満開の桜の花びらが頬を撫でる、4月上旬。


空には吸い込まれそうな程に清々しい青空が広がっていて、何処からか名も知らない鳥のさえずりが聞こえてくる。


歩く度に揺れる膝上のスカート、筆記用具以外何も入っていない黒のリュックサック。



通学路にある『滝口神社』という名前の大きな神社に立ち寄り、流れる様に二礼二拍手をして軽く目を瞑る。
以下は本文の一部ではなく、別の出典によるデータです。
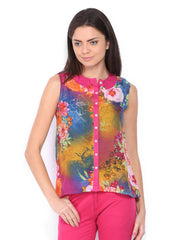 Lee Cooper Women Multi-Coloured Floral Print Shirt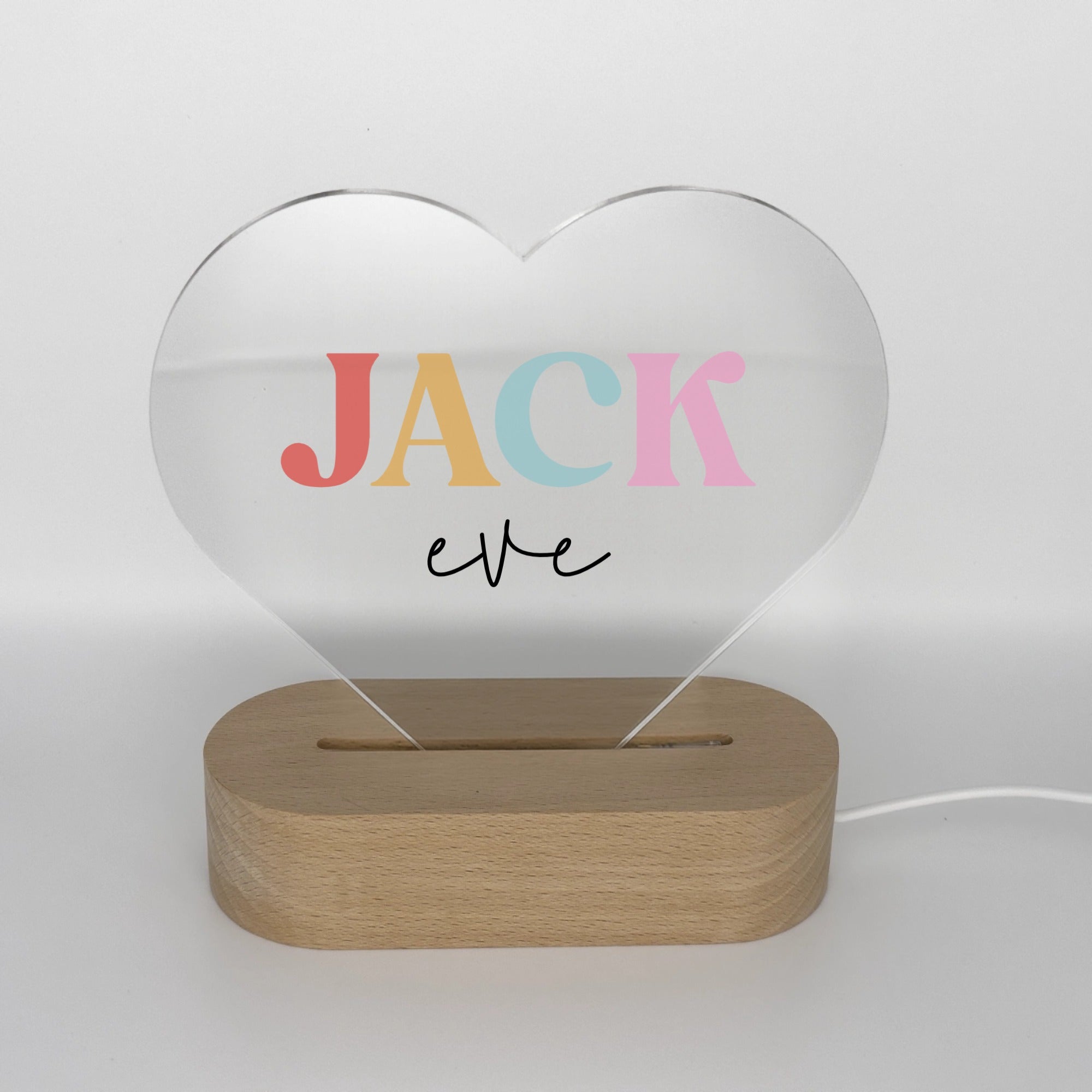 Colorful Name Acrylic Plaque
登校前の日課となってしまったこのお参りは、果たしていつまで続くんだろう。



「…どうか私に、人の笑顔を、見せて下さい」



ねえ神様、聞こえてるんでしょう?


もし私が貴方の創った欠陥品なら、今からでも修正が出来るんじゃないですか?


返品や交換じゃなくても、せめてもの手直しくらいなら。



少しで良いの、一瞬でも構わない。


大切な家族の顔を、気の許せる友達の顔を、鏡に映る自分の顔を。


皆が幸せそうに目を細めて口角を上げる、あの眩しい程の笑顔を一度でいいから見てみたい、私の願いはただそれだけ。



だから、どうかお願いします───。



掠れた声は風と共に舞い上がり、大空へ向かって飛んでいく。






その先で私の願いを聞いているのは、

意地悪な神様。






ゆっくりと目を開け、一礼をした私はくるりと踵を返し、元来た道を真っ直ぐに戻っていった。